Within Our Gates - Response

Response

Within Our Gates was initially rejected by the Board of Censors in Chicago when Micheaux submitted the film in December 1919. An article in the Chicago Defender of 17 January 1920 asserted, "This is the picture that required two solid months to get by the Censor Boards." A week later the Defender reported,

"Those who reasoned with the spectacle of last July in Chicago ever before them, declared the showing pre-eminently dangerous; while those who reasoned with the knowledge of existing conditions, the injustices of the times, the lynchings and handicaps of ignorance, determined that the time is ripe to bring the lesson to the front."

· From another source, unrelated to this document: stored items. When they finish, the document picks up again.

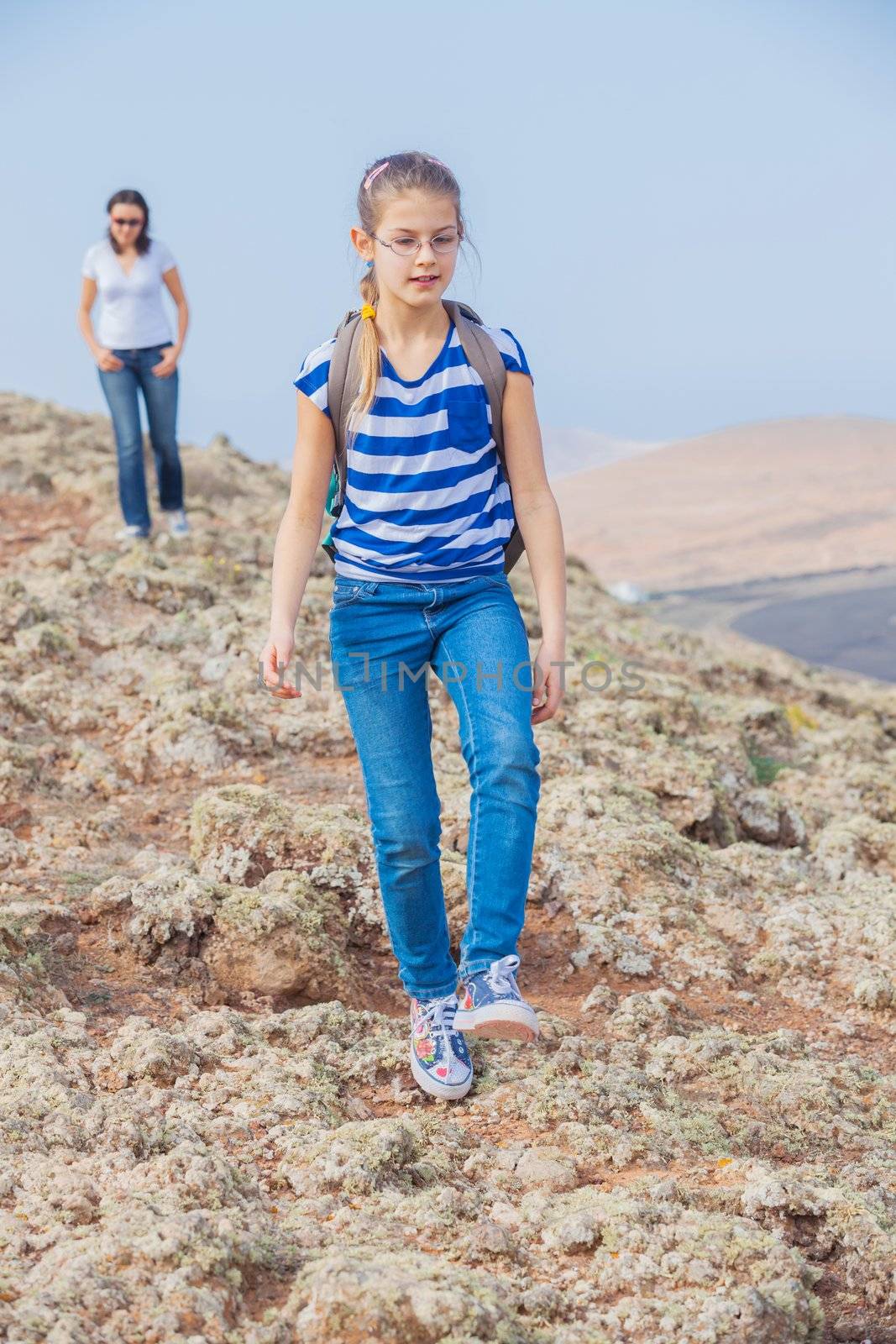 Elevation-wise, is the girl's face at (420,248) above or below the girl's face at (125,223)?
below

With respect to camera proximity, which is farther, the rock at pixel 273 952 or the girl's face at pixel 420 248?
the rock at pixel 273 952

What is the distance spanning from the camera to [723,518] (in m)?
33.0

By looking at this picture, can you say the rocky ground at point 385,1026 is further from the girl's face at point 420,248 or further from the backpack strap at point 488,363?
the girl's face at point 420,248

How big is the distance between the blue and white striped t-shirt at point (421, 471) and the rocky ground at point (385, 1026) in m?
1.10

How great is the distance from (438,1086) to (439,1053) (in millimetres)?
69

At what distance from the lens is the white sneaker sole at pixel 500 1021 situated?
8.92 feet

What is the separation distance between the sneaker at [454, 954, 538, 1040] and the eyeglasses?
151 cm

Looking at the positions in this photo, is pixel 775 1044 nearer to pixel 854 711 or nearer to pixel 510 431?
pixel 510 431

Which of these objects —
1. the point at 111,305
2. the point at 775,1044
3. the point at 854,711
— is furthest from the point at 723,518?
the point at 775,1044

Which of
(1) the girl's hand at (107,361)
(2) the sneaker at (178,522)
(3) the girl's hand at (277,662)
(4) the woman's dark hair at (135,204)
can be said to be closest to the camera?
(3) the girl's hand at (277,662)

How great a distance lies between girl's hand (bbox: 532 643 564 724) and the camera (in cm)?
281

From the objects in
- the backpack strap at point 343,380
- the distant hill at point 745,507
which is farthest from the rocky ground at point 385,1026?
the distant hill at point 745,507

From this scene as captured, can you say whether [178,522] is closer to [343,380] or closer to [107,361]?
[107,361]

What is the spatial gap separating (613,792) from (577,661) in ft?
5.25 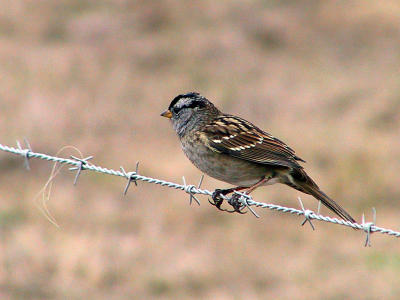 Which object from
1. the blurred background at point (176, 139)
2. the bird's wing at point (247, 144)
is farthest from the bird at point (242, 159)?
the blurred background at point (176, 139)

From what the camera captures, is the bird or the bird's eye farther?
the bird's eye

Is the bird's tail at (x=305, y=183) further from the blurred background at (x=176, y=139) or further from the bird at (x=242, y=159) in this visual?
the blurred background at (x=176, y=139)

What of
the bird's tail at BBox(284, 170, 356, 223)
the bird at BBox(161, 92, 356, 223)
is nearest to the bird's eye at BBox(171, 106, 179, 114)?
the bird at BBox(161, 92, 356, 223)

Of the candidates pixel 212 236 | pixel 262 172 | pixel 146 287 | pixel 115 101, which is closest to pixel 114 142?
pixel 115 101

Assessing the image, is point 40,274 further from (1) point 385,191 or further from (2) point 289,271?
(1) point 385,191

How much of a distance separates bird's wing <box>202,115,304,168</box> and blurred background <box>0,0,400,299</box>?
11.7 ft

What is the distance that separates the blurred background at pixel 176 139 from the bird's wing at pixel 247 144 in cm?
357

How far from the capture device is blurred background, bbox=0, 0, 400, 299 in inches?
415

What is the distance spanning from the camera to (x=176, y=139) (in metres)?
13.8

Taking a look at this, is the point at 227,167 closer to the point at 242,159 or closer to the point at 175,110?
the point at 242,159

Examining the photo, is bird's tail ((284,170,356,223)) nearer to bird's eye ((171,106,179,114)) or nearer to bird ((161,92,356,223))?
bird ((161,92,356,223))

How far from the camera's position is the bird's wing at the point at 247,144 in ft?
22.4

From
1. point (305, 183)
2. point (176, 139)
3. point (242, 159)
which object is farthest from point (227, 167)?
point (176, 139)

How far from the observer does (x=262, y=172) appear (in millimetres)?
6930
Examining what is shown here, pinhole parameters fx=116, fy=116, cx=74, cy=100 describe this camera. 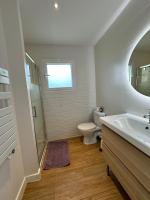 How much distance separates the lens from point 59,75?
2.84 metres

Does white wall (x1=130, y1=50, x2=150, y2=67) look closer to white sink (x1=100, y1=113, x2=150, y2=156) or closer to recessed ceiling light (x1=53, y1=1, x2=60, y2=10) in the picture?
white sink (x1=100, y1=113, x2=150, y2=156)

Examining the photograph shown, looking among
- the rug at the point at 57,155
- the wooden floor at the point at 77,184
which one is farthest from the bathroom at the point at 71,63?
the rug at the point at 57,155

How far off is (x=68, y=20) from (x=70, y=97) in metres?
1.59

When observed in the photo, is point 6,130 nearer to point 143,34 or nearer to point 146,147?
point 146,147

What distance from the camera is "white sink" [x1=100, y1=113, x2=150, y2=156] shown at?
0.88 meters

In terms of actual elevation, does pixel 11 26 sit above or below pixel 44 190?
above

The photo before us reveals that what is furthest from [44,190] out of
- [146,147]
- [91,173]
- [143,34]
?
[143,34]

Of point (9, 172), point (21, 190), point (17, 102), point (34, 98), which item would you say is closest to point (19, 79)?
point (17, 102)

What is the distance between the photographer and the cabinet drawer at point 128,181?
3.01ft

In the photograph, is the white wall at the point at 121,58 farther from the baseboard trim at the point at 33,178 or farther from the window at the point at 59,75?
the baseboard trim at the point at 33,178

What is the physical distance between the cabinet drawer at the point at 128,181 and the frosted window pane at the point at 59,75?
6.21ft

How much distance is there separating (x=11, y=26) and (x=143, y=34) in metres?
1.60

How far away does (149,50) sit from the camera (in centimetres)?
139

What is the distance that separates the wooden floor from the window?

Critics of the film feared that the lynching and attempted rape scenes would spark interracial violence in a city still tense from the riots of July 1919. Officials in Omaha (which also suffered a racial riot), New Orleans, and other cities objected for similar reasons when they blocked the screening of the film or demanded that those scenes be cut.

When released in January 1920 against reports of the controversy, the film garnered large audiences in Chicago . It was screened in differently cut versions. For example, an article in the Defender reported that on February 24 of 1920, Within Our Gates would be shown at the States Theater in Chicago "without the cuts which were made before its initial presentation." Other evidence of cuts were extant film stills of scenes that did not appear in the surviving film copy, and viewers' descriptions that differed from the current version of the film.

It is considered an important expression of African-American life in the years immediately following World War I, when violent racist incidents occurred throughout the United States, but most frequently in the South. In 1992, Within Our Gates was selected by the Library of Congress for preservation in the United States National Film Registry as being "culturally, historically, and aesthetically significant".